Am 15.09.2011 16:19, schrieb Stefan Berger:
> On 09/15/2011 07:40 AM, Kevin Wolf wrote:
>> Am 15.09.2011 13:17, schrieb Stefan Hajnoczi:
>>> On Wed, Sep 14, 2011 at 6:05 PM, Stefan Berger
>>> <address@hidden>  wrote:
>>>>   One property of the blobstore is that it has a certain required size for
>>>> accommodating all blobs of device that want to store their blobs onto. The
>>>> assumption is that the size of these blobs is know a-priori to the writer 
>>>> of
>>>> the device code and all devices can register their space requirements with
>>>> the blobstore during device initialization. Then gathering all the
>>>> registered blobs' sizes plus knowing the overhead of the layout of the data
>>>> on the disk lets QEMU calculate the total required (minimum) size that the
>>>> image has to have to accommodate all blobs in a particular blobstore.
>>> Libraries like tdb or gdbm come to mind.  We should be careful not to
>>> reinvent cpio/tar or FAT :).
>> We could use vvfat if we need a FAT implementation. *duck*
>>
>>> What about live migration?  If each VM has a LUN assigned on a SAN
>>> then these qcow2 files add a new requirement for a shared file system.
>>>
>>> Perhaps it makes sense to include the blobstore in the VM state data
>>> instead?  If you take that approach then the blobstore will get
>>> snapshotted *into* the existing qcow2 images.  Then you don't need a
>>> shared file system for migration to work.

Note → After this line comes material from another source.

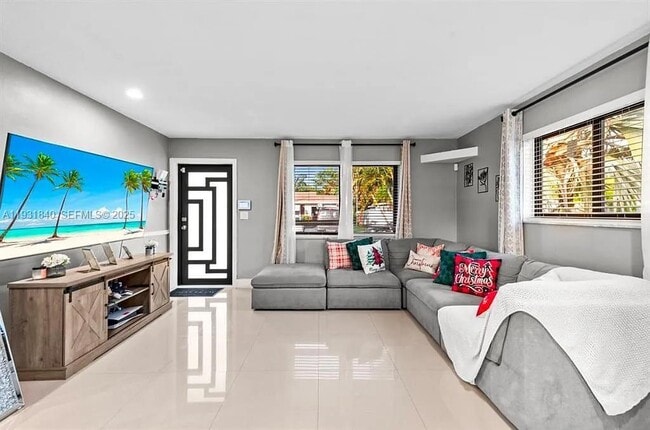 5404 NW 25th Ave in Fort Lauderdale, FL - Building Photo - Building Photo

>> But what happens if you don't do fancy things like snapshots or live
>> migration, but just shut the VM down? Nothing will be saved then, so it
>> must already be on disk. I think using a BlockDriverState for that makes
>> sense, even though it is some additional work for migration. But you
>> already deal with n disks, doing n+1 disks shouldn't be much harder.
>>
>>
>> The one thing that I didn't understand in the original mail is why you
>> think that raw works with your option but qcow2 doesn't. Where's the
>> difference wrt creating an image?
> I guess you are asking me (also 'Stefan').
> 
> When I had QEMU create the disk file I had to pass a file parameter to 
> -drive ...,file=... for it to know which file to create. If the file 
> didn't exist, I got an error. So I create an empty file using 'touch' 
> and could at least start. Though an empty file declared with the format 
> qcow2 in -drive ...,file=...,format=qcow2 throws another error since 
> that's not a valid QCoW2. I wanted to use that parameter 'format' to 
> know what the user wanted to create. So in case of 'raw', I could start 
> out with an empty file, have QEMU calculate the size, call the 
> 'truncate' function on the bdrv it was used with and then had a raw 
> image of the needed size. THe VM could start right away...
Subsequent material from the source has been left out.